» **Task objective**: After finding the line with "Apart from this, the" in the entries below, retype exactly each line from there through the line with "Electronic stability control, alloy", including that final line.

|---|

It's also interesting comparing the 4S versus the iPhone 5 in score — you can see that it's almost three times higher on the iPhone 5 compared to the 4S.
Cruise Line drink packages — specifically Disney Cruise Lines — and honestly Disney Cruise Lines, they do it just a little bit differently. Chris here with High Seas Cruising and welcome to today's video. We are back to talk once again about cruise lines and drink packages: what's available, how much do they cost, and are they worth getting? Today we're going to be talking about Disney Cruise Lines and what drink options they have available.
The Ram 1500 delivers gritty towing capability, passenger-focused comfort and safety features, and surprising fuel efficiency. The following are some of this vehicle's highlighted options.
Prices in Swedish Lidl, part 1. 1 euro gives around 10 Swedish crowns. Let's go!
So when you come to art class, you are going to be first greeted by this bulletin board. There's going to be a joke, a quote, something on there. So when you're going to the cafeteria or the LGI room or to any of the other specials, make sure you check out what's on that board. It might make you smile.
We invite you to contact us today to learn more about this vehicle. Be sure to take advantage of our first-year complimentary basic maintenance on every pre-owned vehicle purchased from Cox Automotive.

|---|

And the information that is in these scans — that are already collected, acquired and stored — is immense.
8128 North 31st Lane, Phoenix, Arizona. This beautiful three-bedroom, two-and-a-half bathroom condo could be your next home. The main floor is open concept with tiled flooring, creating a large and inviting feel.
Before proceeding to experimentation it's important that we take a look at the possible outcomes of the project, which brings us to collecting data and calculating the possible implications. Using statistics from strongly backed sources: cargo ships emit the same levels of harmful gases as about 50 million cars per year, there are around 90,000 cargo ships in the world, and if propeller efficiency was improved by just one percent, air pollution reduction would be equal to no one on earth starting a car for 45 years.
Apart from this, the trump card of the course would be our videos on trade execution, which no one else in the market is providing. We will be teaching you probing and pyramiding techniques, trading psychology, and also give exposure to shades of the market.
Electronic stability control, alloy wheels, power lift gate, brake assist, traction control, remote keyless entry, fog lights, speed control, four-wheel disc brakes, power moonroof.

|---|

» **Response to this exercise**:
Apart from this, the trump card of the course would be our videos on trade execution, which no one else in the market is providing. We will be teaching you probing and pyramiding techniques, trading psychology, and also give exposure to shades of the market.
Electronic stability control, alloy wheels, power lift gate, brake assist, traction control, remote keyless entry, fog lights, speed control, four-wheel disc brakes, power moonroof.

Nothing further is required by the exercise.